When you return the data, keep every line exactly as it is and leave out the pictures.

┄┄┄┄┄┄

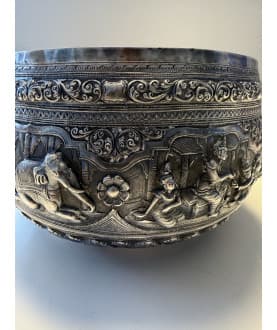 Large Antique Burmese Silver Bowl with Royal Scenes – Sil-0268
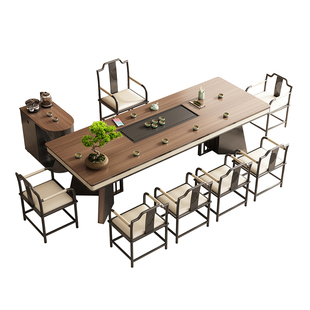 2025年新款木纹岩板大板茶桌椅组合一桌五椅新中式茶台办公室一体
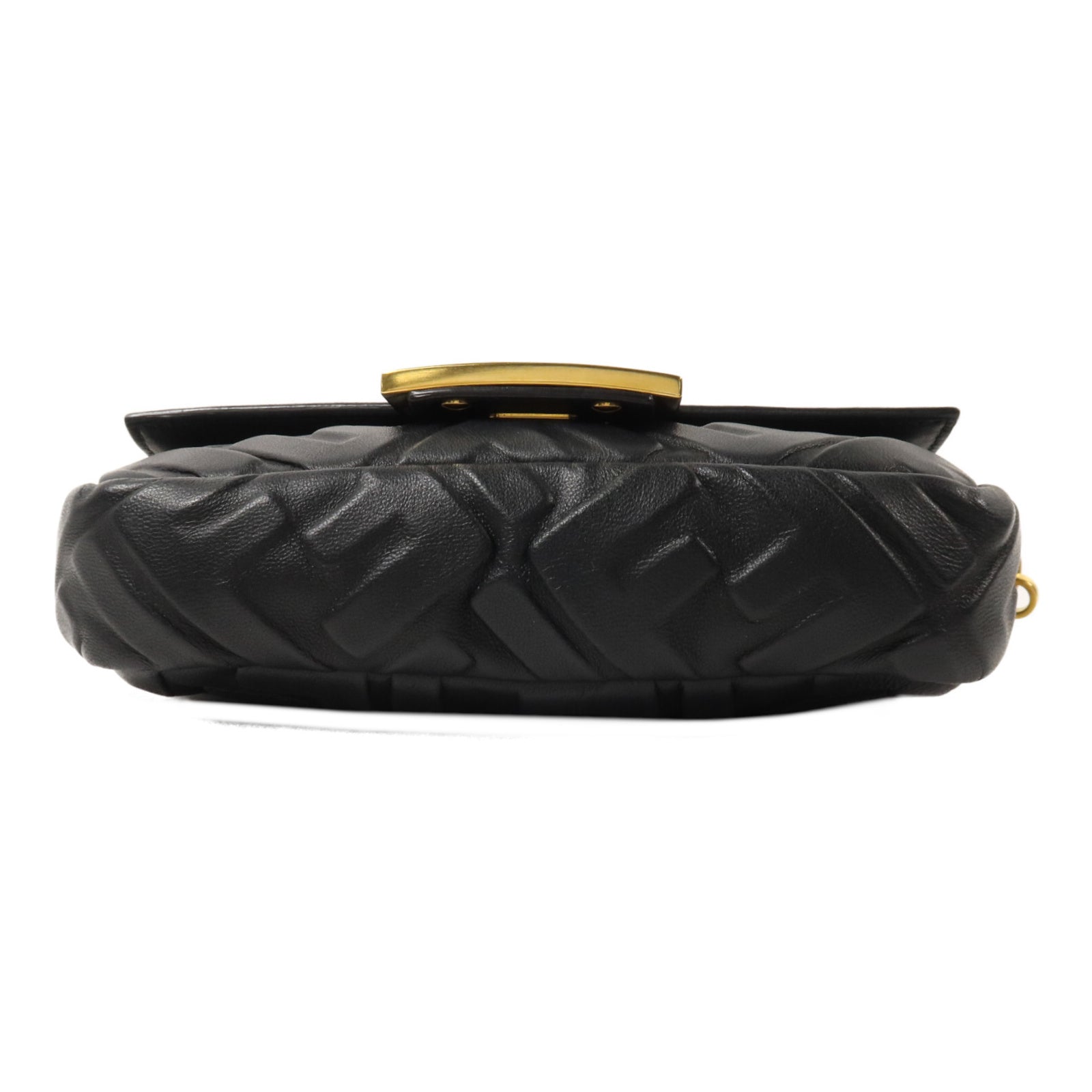 FENDI 牛皮皮革Baguette Mini鏈帶手挽肩背兩用袋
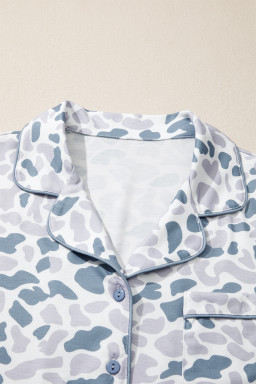 Beige Camouflage Print Lapel Shirt Drawstring 2pcs Short Pajama Set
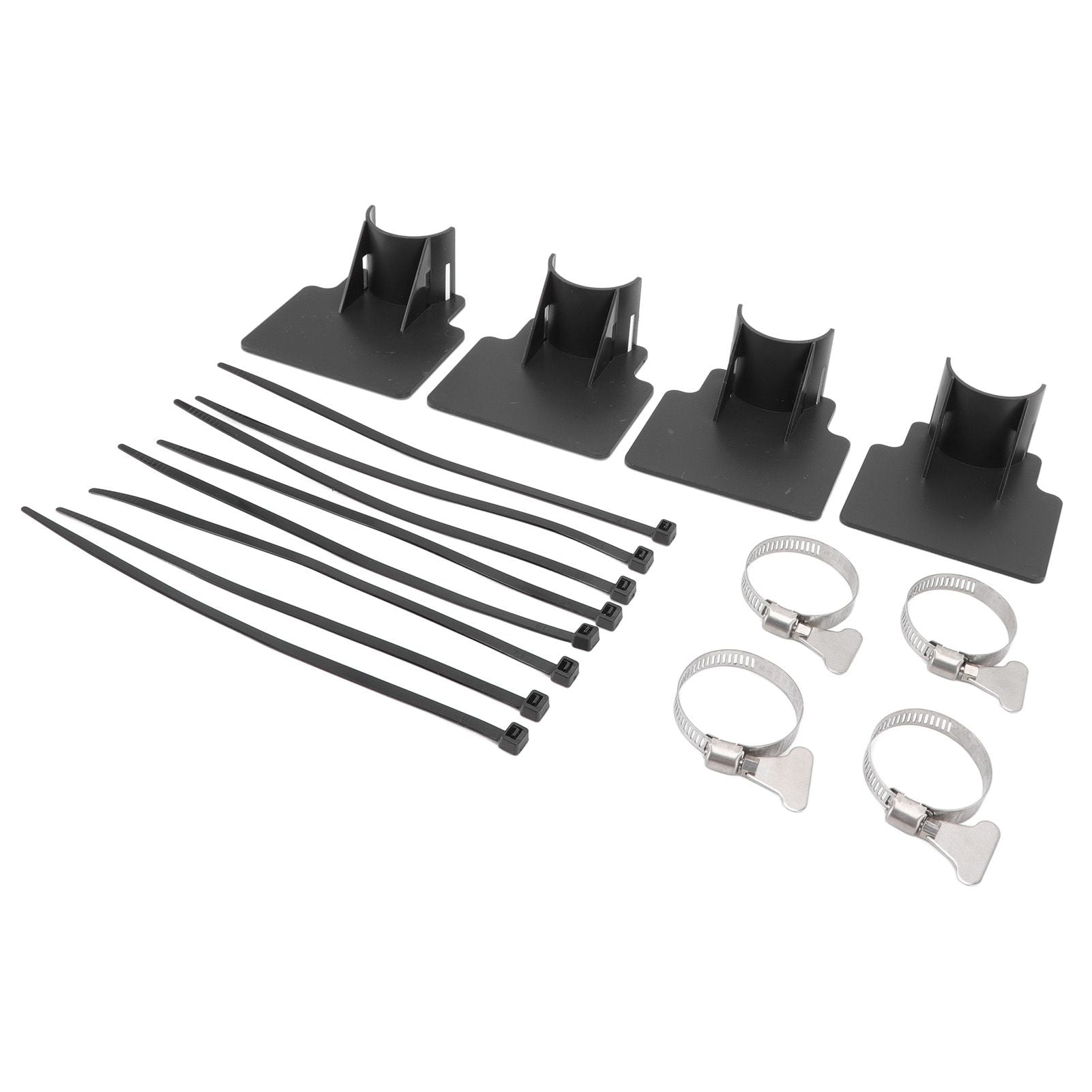 4 Sets Swimming Pool Pipe Holder Prevent Pipe Slip Cable Ties Stainless Steel Hose Clamp Swimming Pool Hose Holder Black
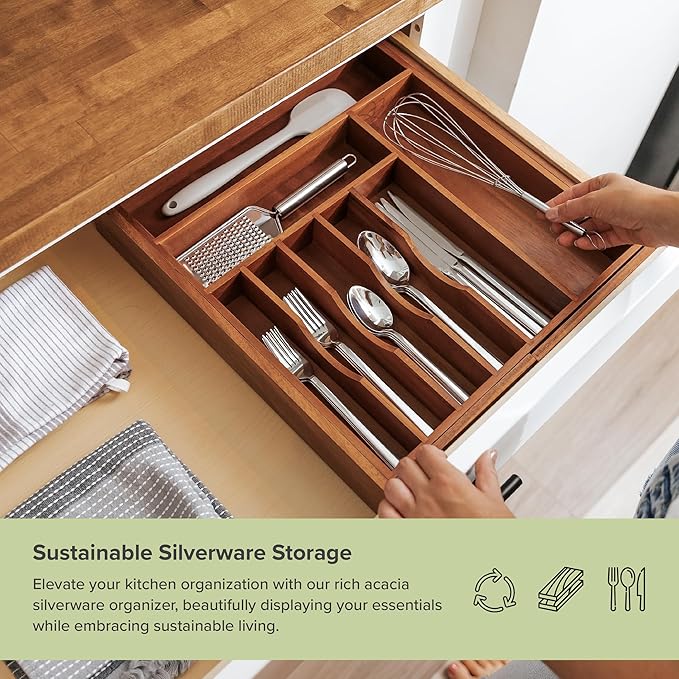 KitchenEdge Premium Silverware, Flatware and Utensil Organizer for Kitchen Drawers, Food-Safe Contract Grade, Expandable from 16 to 28 In, Natural Acacia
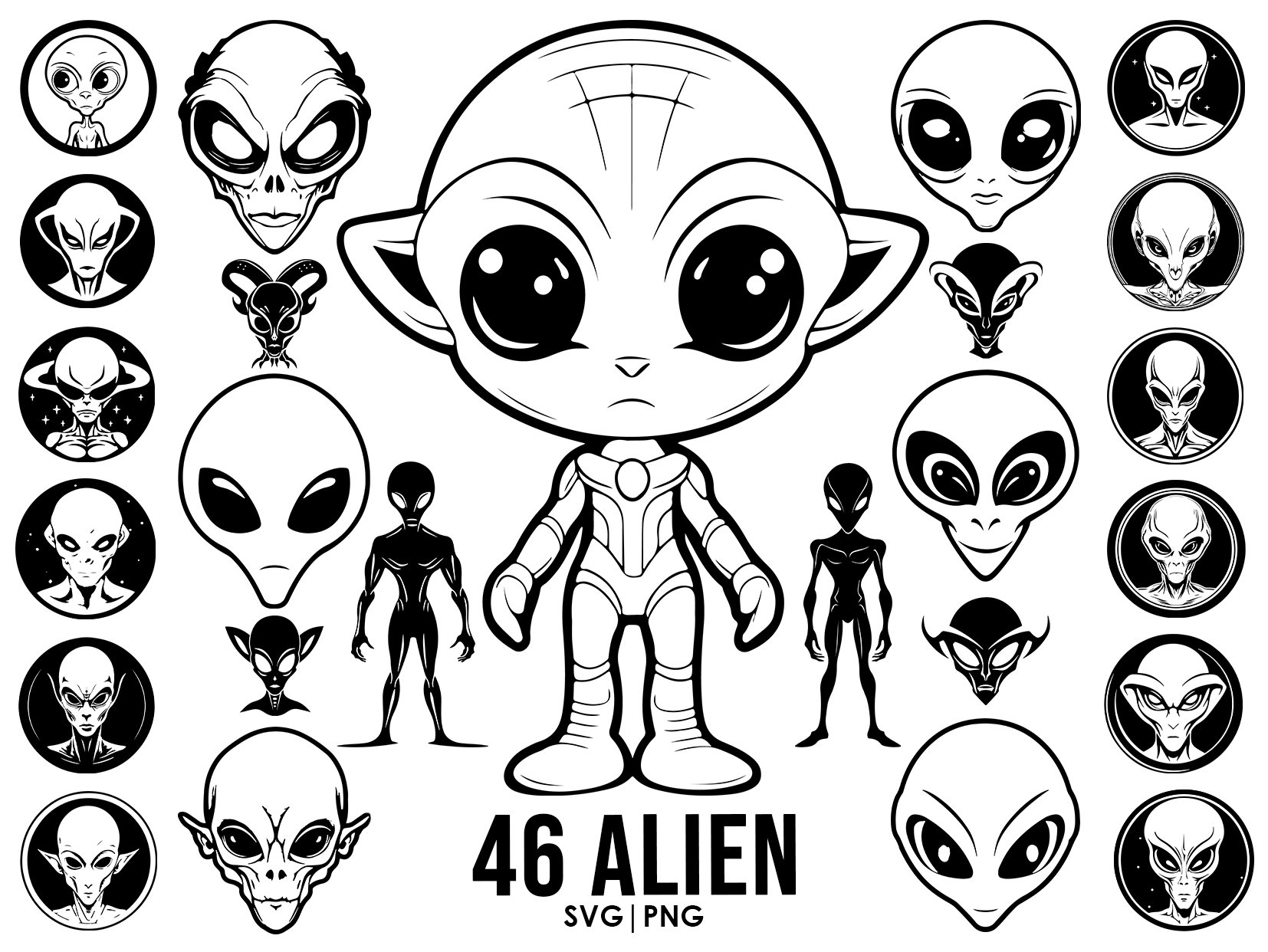 Alien Svg Bundle, Ufo Svg for Cricut, Alien Vector, Alien Head Svg ...
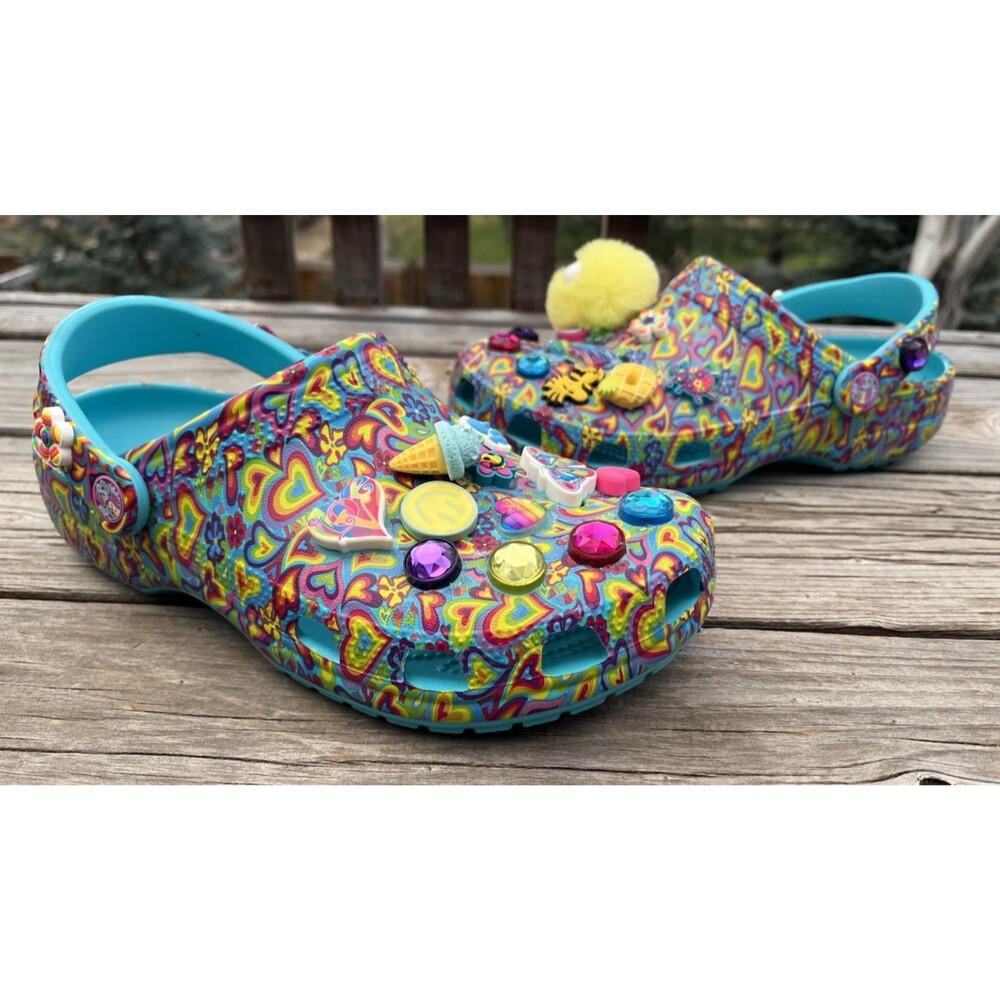 Nice! Crocs X Lisa Frank Youth J 6 Women's 8 Clogs Multicolor Hearts Jibbitz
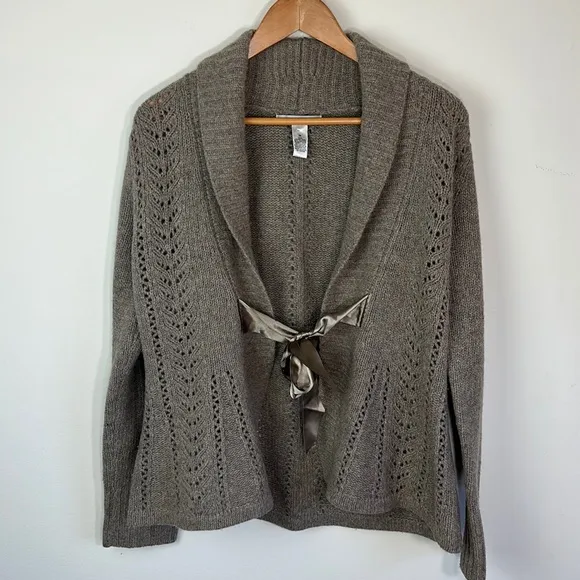 Marina Luna Tie Satin Lambswool women gray Cardigan Sweater Size medium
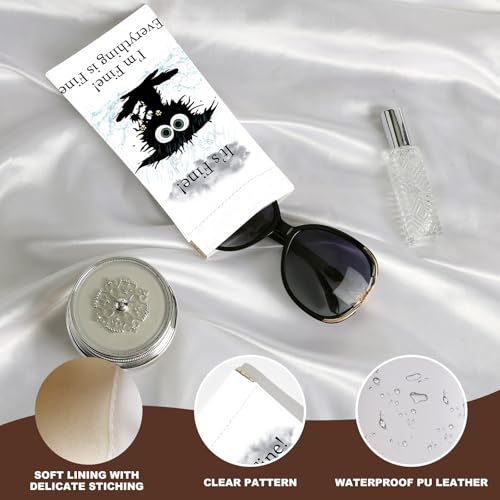 Image of Anikathy 2Pcs Sunglass Eyeglass Glasses Case Soft PU Leather with Cleaning Cloth Cute Glasses Pouch Bag for Men Women Girs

┄┄┄┄┄┄

### ANSWER TO THE EXERCISE
 Large Antique Burmese Silver Bowl with Royal Scenes – Sil-0268
 2025年新款木纹岩板大板茶桌椅组合一桌五椅新中式茶台办公室一体
 FENDI 牛皮皮革Baguette Mini鏈帶手挽肩背兩用袋
 Beige Camouflage Print Lapel Shirt Drawstring 2pcs Short Pajama Set
 4 Sets Swimming Pool Pipe Holder Prevent Pipe Slip Cable Ties Stainless Steel Hose Clamp Swimming Pool Hose Holder Black
 KitchenEdge Premium Silverware, Flatware and Utensil Organizer for Kitchen Drawers, Food-Safe Contract Grade, Expandable from 16 to 28 In, Natural Acacia
 Alien Svg Bundle, Ufo Svg for Cricut, Alien Vector, Alien Head Svg ...
 Nice! Crocs X Lisa Frank Youth J 6 Women's 8 Clogs Multicolor Hearts Jibbitz
 Marina Luna Tie Satin Lambswool women gray Cardigan Sweater Size medium
 Image of Anikathy 2Pcs Sunglass Eyeglass Glasses Case Soft PU Leather with Cleaning Cloth Cute Glasses Pouch Bag for Men Women Girs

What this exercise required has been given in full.